**Directions for this task**
Please restate word for word the lines of the entries below from the one with "GUNHYI Premium Car" to the one with "First-half - first", inclusive, and leave out every picture.

**Extracted data**
━━━━━━

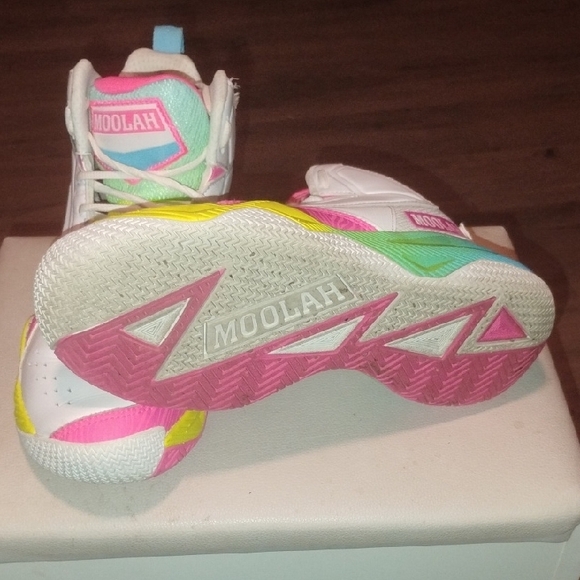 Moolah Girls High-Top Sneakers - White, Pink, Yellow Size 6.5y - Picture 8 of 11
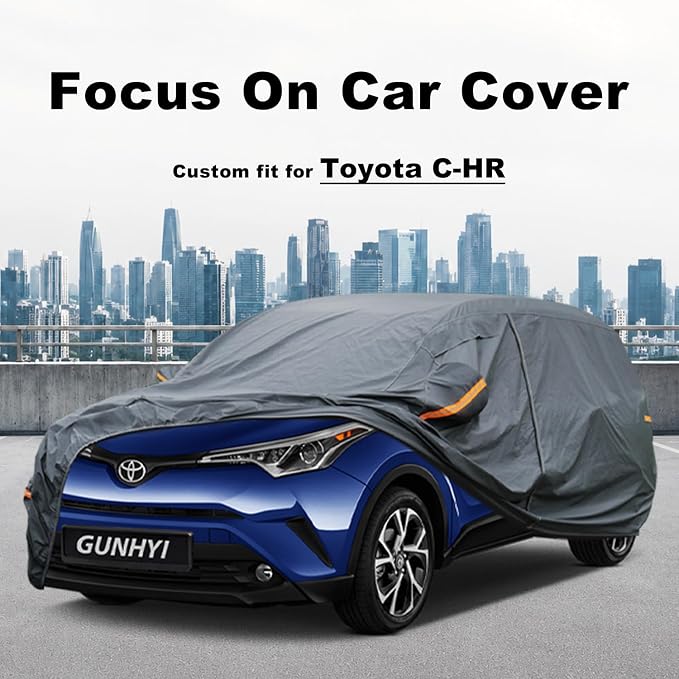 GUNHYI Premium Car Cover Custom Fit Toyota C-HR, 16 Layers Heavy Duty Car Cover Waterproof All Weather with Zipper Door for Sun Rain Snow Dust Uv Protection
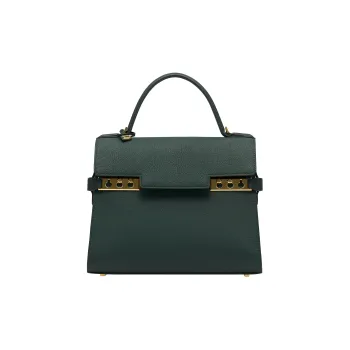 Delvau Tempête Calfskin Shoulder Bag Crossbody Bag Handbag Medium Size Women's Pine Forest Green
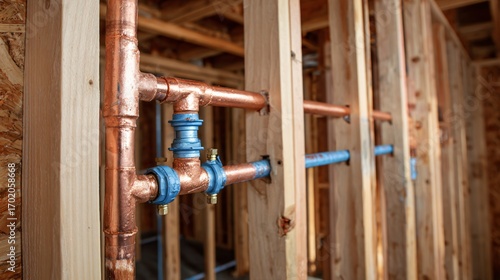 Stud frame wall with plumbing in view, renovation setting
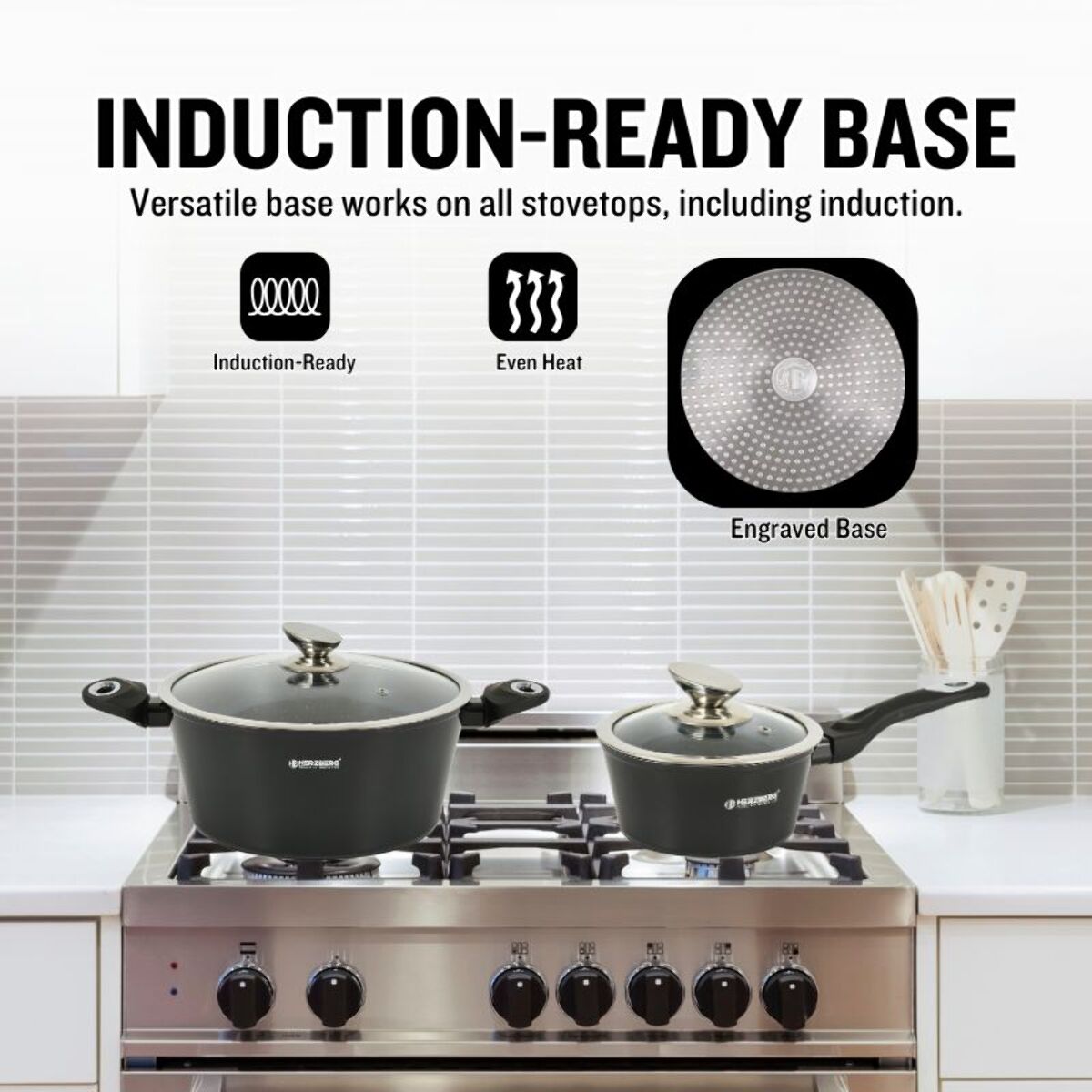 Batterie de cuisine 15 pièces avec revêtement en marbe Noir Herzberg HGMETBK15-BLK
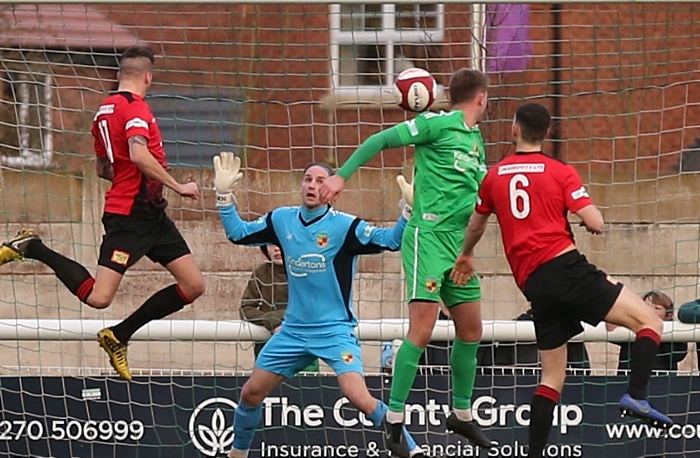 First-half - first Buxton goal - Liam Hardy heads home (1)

━━━━━━

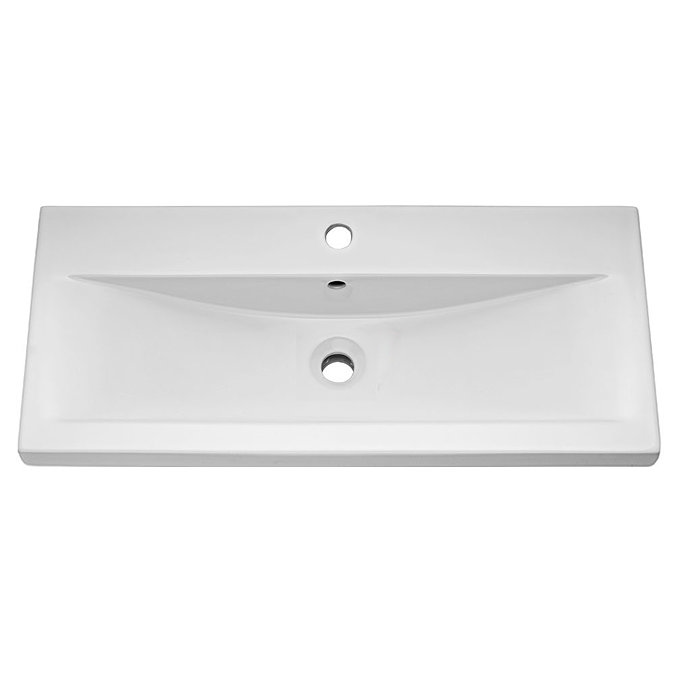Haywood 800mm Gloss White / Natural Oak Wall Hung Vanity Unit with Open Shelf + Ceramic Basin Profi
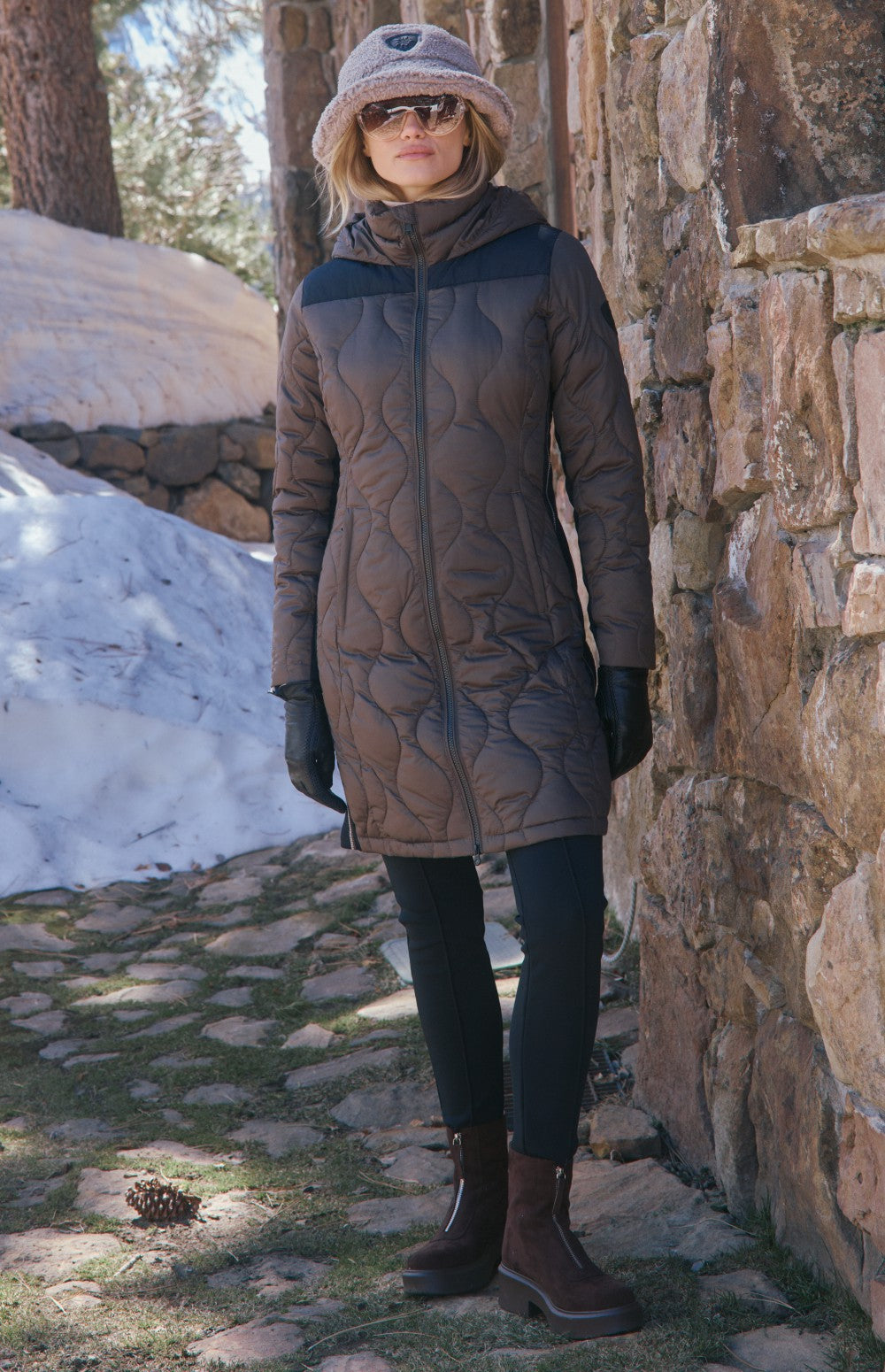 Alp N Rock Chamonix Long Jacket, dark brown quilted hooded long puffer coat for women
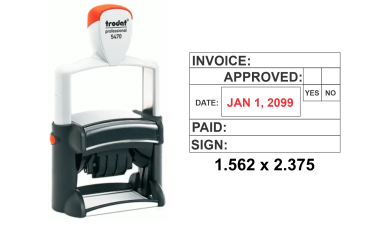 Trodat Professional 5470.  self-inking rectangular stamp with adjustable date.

━━━━━━

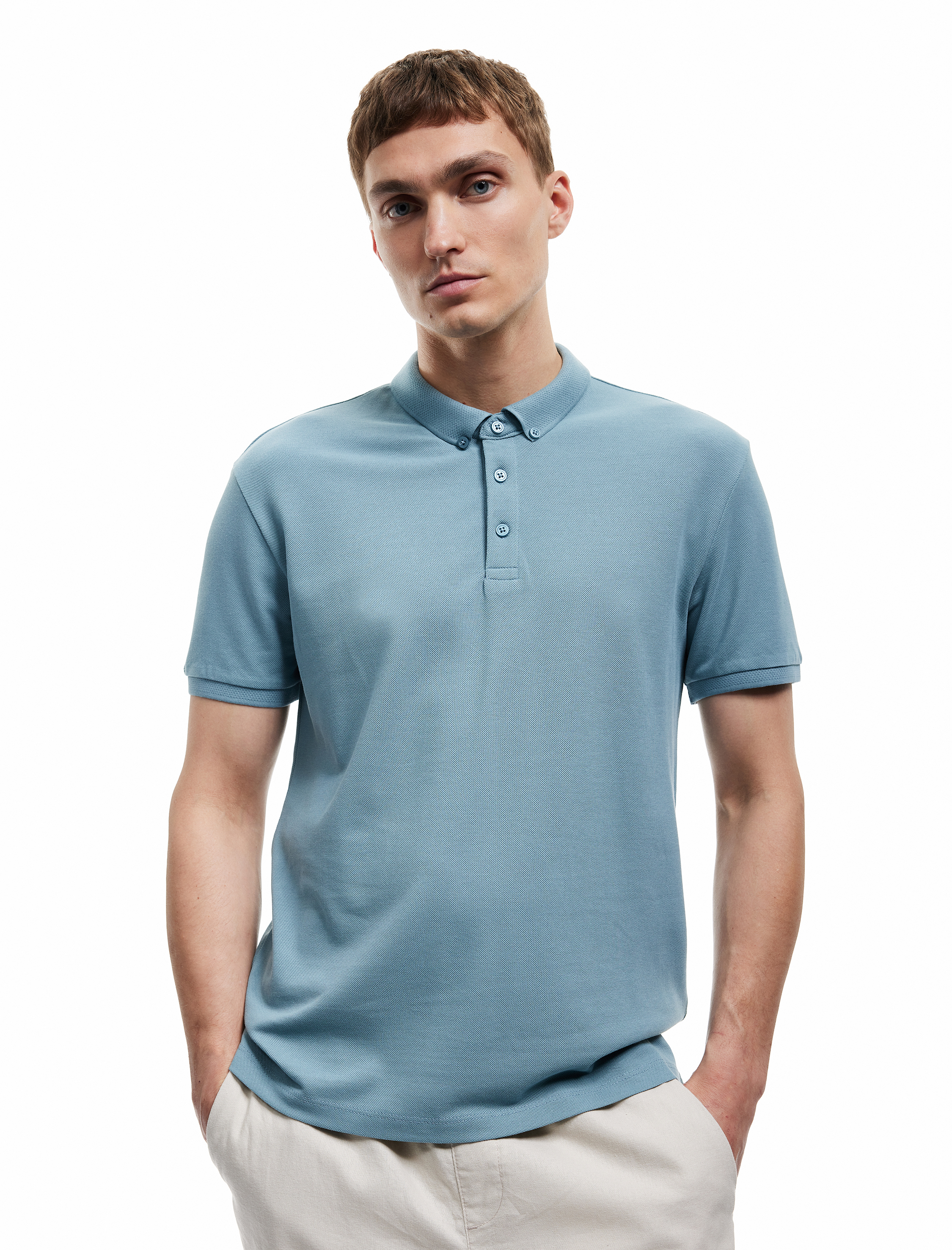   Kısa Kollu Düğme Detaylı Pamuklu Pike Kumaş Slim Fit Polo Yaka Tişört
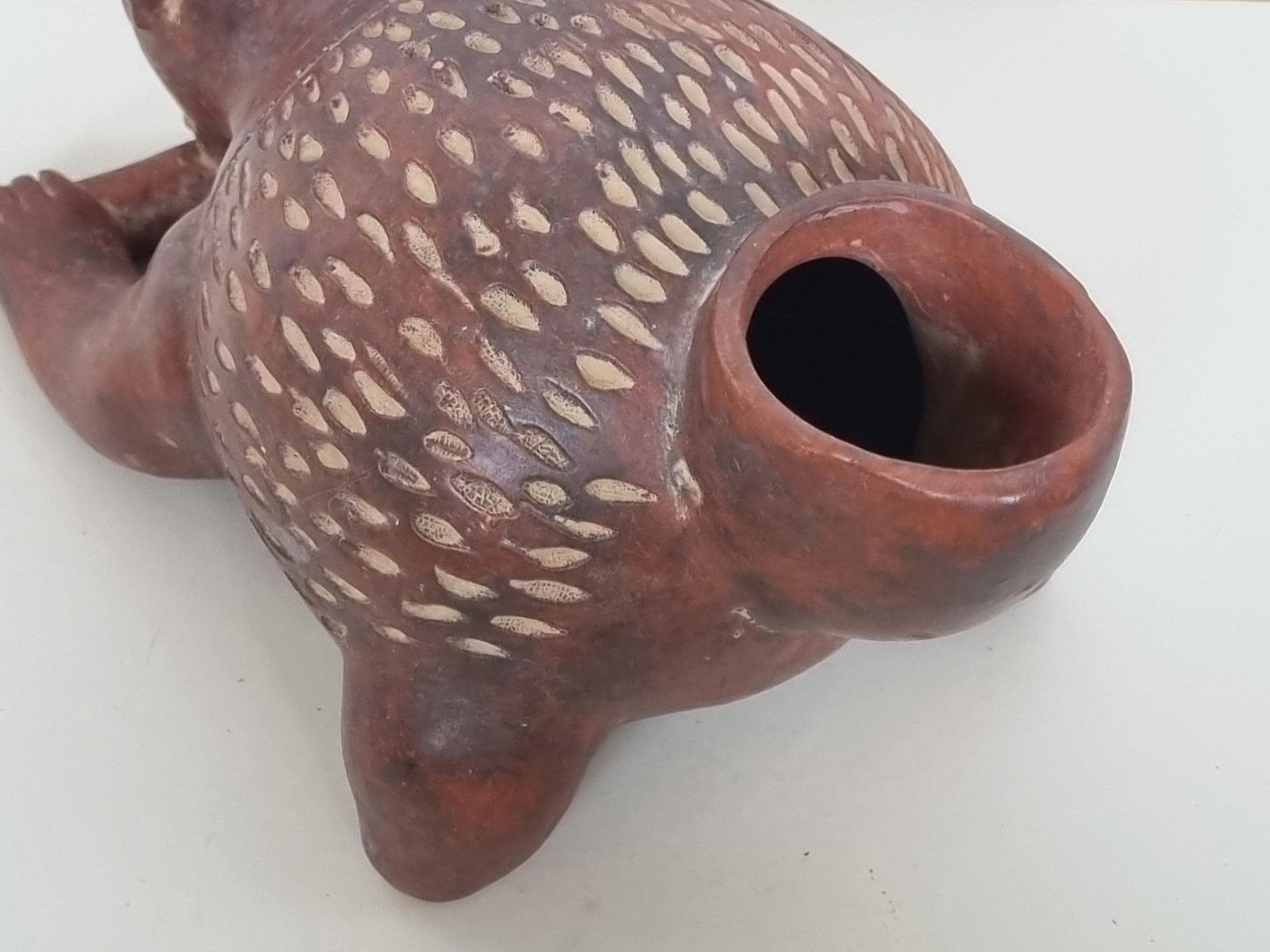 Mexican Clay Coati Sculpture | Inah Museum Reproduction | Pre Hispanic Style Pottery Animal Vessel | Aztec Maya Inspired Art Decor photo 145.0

━━━━━━

**Answer to this task**
 GUNHYI Premium Car Cover Custom Fit Toyota C-HR, 16 Layers Heavy Duty Car Cover Waterproof All Weather with Zipper Door for Sun Rain Snow Dust Uv Protection
 Delvau Tempête Calfskin Shoulder Bag Crossbody Bag Handbag Medium Size Women's Pine Forest Green
 Stud frame wall with plumbing in view, renovation setting
 Batterie de cuisine 15 pièces avec revêtement en marbe Noir Herzberg HGMETBK15-BLK
 First-half - first Buxton goal - Liam Hardy heads home (1)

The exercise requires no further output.